Une fin de saison en apothéose
Cette victoire mondiale vient clore de manière idéale une saison riche en émotions. Agathe Guillemot, qui confiait avant les Mondiaux de Tokyo en septembre 2025 se sentir « mieux armée qu'avant les JO » et viser le podium du 1 500 mètres, avait finalement dû se contenter de places d'honneur. Son sacre à Copenhague efface ces déceptions et confirme sa place parmi les meilleures coureuses de demi-fond au monde.
Un record d'Europe symbolique
En plus du titre, le record d'Europe du mile sur route constitue une performance remarquable. Cette distance, moins courue que le 1 500 mètres sur piste, revêt une dimension historique dans l'athlétisme. Détenir ce record place Agathe Guillemot dans une catégorie à part, celle des athlètes capables d'allier vitesse, endurance et sens tactique sur des formats variés. Ce chrono de 4'22''74 devrait également lui ouvrir des portes pour les prochaines échéances internationales, notamment les championnats d'Europe et les Jeux olympiques de Los Angeles en 2028.
Perspectives : une nouvelle dimension pour l'athlétisme français
Avec ce titre mondial, Agathe Guillemot s'impose comme la figure de proue de l'athlétisme français féminin de demi-fond. Sa polyvalence, entre piste et route, lui confère un profil rare, à l'image d'autres grands noms de la discipline. Cette victoire pourrait aussi encourager le développement des épreuves sur route en France, à l'heure où les championnats du monde de course sur route prennent une importance croissante dans le calendrier international.

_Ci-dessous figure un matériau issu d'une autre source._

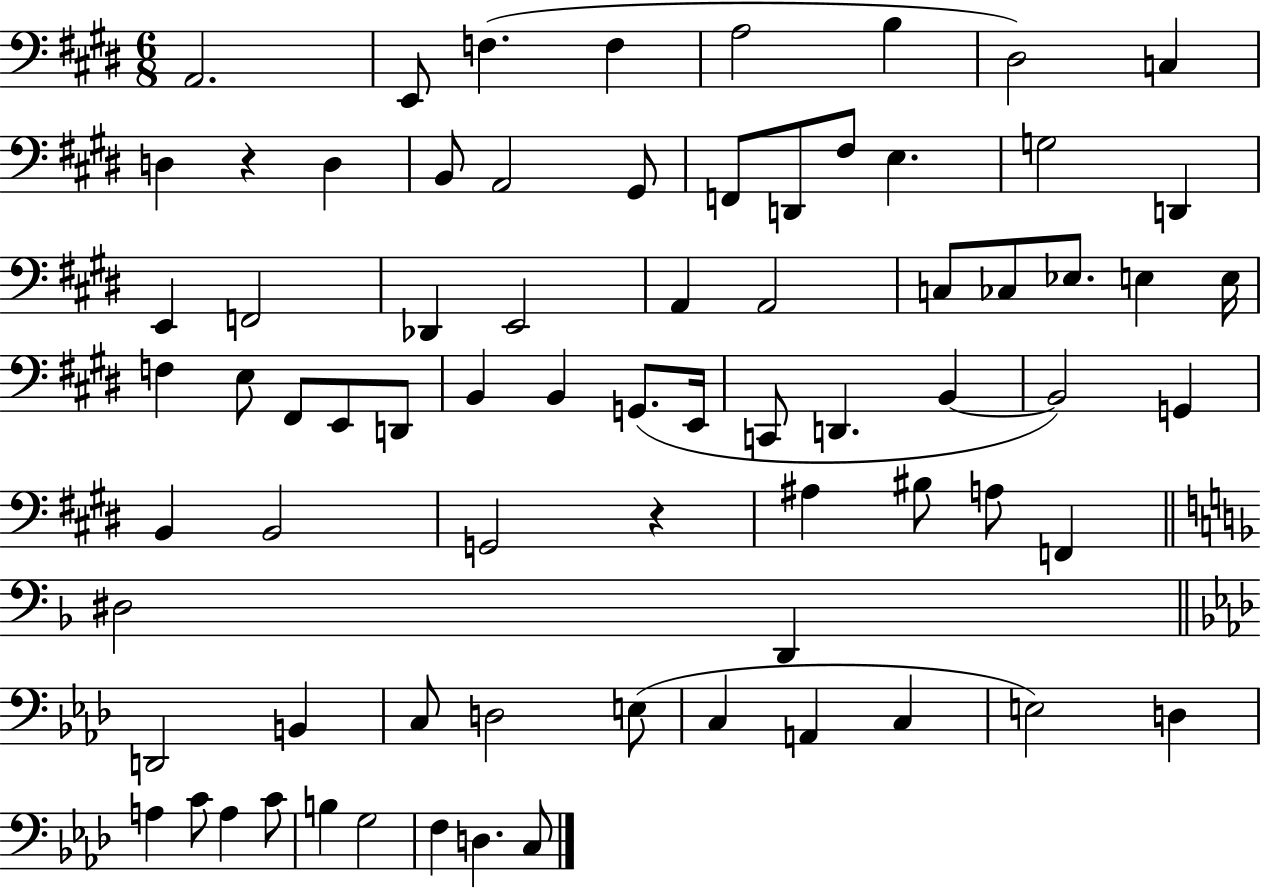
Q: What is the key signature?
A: E major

Pour la Fédération française d'athlétisme, ce sacre est une bouffée d'oxygène après plusieurs saisons mitigées. Il intervient quelques semaines après la performance de Renaud Lavillenie, qui a raté de peu le record du monde des plus de 40 ans à Clermont, et confirme que le renouveau de l'athlétisme tricolore passe aussi par les nouvelles générations. Agathe Guillemot, du haut de ses 27 ans, incarne désormais cet espoir. Son nom restera associé à une journée historique pour le sport français, un 19 septembre 2026 où le mile a retrouvé des couleurs bleues.